「第三の○○」と言えば、「第三の男」を思い浮かべる人が多いと思います。「第三の男」は、戦後の1949年製作のイギリス映画で、ウィーンを舞台とした哀感あふれる音楽と、オーソン・ウェルズが演じたハリー・ライムという強烈な人物像によって世界中のファンを魅惑し、キャロル・リード監督の名を一躍高からしめたスリラー映画の名作です。
いま「第三のビール」が脚光を浴びています。それでは「第三の紙」とはどんな紙でしょうか。今回は「第三の紙」について触れます。
そのまえに、まずビールで乾杯!「第三のビール」とは
本題「第三の紙」の前にまずビールで乾杯しましょう。ところで、最近新聞紙上などでよく見かける「第三のビール」とはどんなビールでしょうか。
このごろ話題になり注目を集めているビール風のアルコール飲料があります。これが俗称で言われている「第三のビール」です。
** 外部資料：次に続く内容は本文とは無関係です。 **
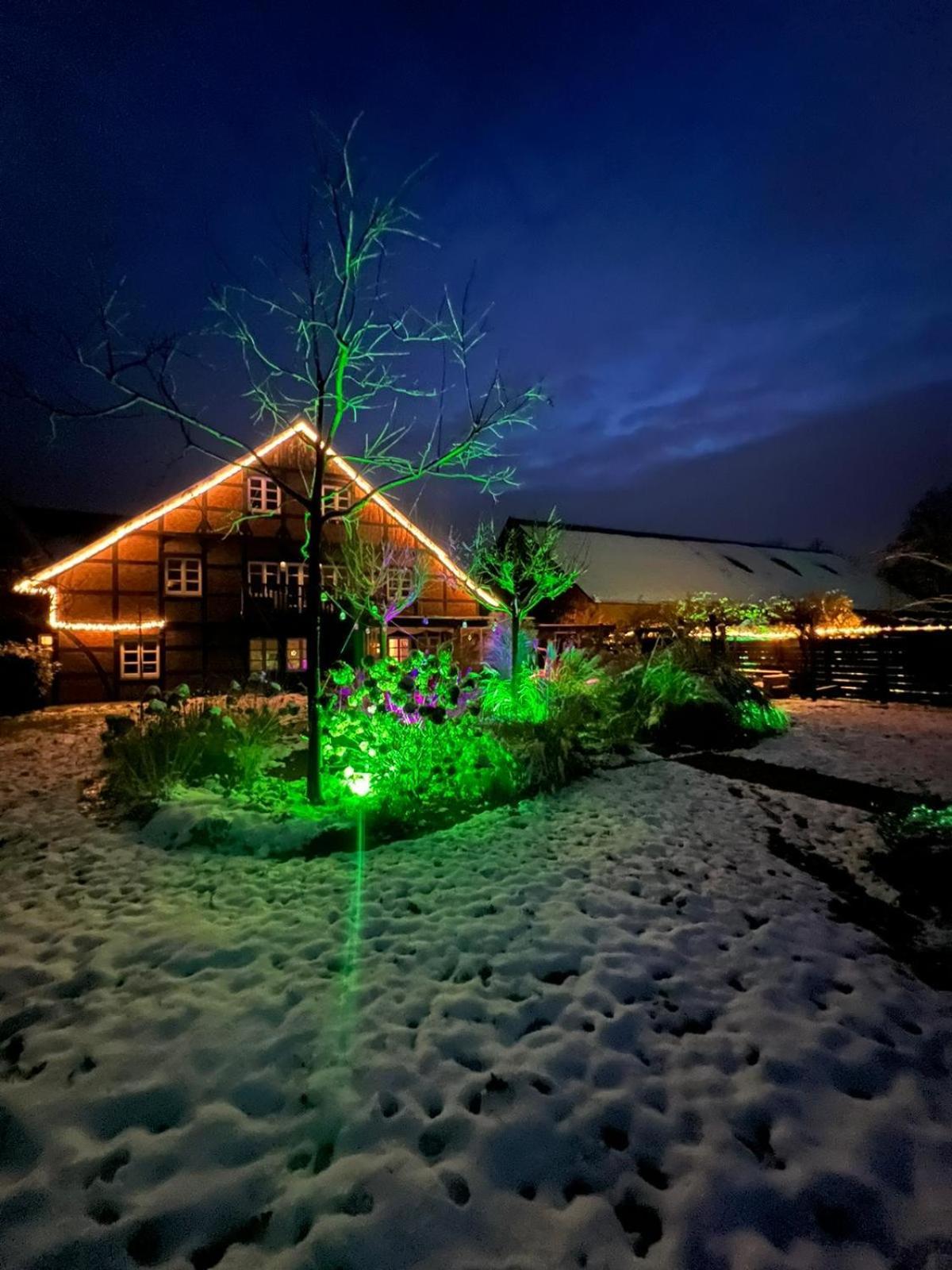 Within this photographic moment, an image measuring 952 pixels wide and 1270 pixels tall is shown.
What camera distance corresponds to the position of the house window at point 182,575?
16.9 m

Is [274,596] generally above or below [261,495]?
below

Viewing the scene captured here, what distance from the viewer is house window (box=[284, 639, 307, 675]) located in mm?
18016

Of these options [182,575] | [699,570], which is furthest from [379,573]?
[699,570]

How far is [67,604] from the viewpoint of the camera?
1548 centimetres

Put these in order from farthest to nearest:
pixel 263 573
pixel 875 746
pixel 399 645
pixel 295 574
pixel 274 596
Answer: pixel 399 645, pixel 295 574, pixel 263 573, pixel 274 596, pixel 875 746

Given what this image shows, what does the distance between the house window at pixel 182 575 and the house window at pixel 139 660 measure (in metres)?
1.60

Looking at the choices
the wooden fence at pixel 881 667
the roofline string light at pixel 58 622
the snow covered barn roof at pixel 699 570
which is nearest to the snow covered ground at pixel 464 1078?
the wooden fence at pixel 881 667

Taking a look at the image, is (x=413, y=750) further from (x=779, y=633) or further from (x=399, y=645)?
(x=779, y=633)

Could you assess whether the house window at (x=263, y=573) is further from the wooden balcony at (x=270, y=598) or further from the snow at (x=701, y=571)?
the snow at (x=701, y=571)

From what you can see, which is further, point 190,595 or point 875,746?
point 190,595

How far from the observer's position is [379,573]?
17.6 m

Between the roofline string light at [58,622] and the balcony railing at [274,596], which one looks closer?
the roofline string light at [58,622]

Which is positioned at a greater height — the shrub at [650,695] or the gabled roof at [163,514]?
the gabled roof at [163,514]

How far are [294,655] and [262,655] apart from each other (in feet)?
3.17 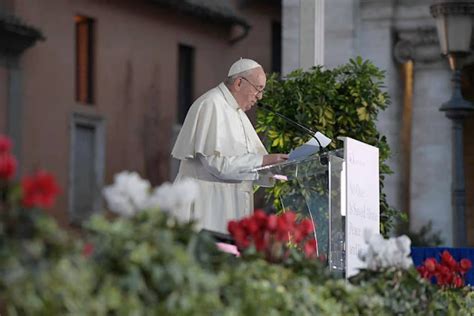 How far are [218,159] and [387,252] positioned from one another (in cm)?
242

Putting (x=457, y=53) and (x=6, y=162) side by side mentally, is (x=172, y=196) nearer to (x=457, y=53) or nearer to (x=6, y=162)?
(x=6, y=162)

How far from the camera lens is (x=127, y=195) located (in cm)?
534

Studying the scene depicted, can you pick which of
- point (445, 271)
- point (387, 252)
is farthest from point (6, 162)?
point (445, 271)

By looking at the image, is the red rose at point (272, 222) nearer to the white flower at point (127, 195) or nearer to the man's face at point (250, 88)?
the white flower at point (127, 195)

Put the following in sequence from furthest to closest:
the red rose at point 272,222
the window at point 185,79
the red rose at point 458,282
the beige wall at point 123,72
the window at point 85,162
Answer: the window at point 185,79 < the window at point 85,162 < the beige wall at point 123,72 < the red rose at point 458,282 < the red rose at point 272,222

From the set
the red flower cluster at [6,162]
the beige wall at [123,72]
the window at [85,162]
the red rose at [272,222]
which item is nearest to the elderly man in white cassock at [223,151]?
the red rose at [272,222]

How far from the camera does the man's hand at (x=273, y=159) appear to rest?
916cm

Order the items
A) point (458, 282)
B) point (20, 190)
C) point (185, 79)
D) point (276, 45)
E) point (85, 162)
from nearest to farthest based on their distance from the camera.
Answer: point (20, 190) → point (458, 282) → point (85, 162) → point (185, 79) → point (276, 45)

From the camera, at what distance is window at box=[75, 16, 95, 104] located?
4244cm

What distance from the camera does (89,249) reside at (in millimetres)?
4930

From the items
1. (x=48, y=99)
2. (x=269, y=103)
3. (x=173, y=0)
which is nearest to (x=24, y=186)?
(x=269, y=103)

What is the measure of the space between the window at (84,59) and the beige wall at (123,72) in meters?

03年9月にサッポロビールが「ドラフトワン」で先行し、翌年2月に全国発売したのをきっかけに、6月にはサントリーが「スーパーブルー」で追随。今年4月からは、キリンビールが「のどごし(生)」を、アサヒビールは「新生」(しんなま)を相次いで発売し、大手ビールメーカー四社の「第三のビール」が出揃いました。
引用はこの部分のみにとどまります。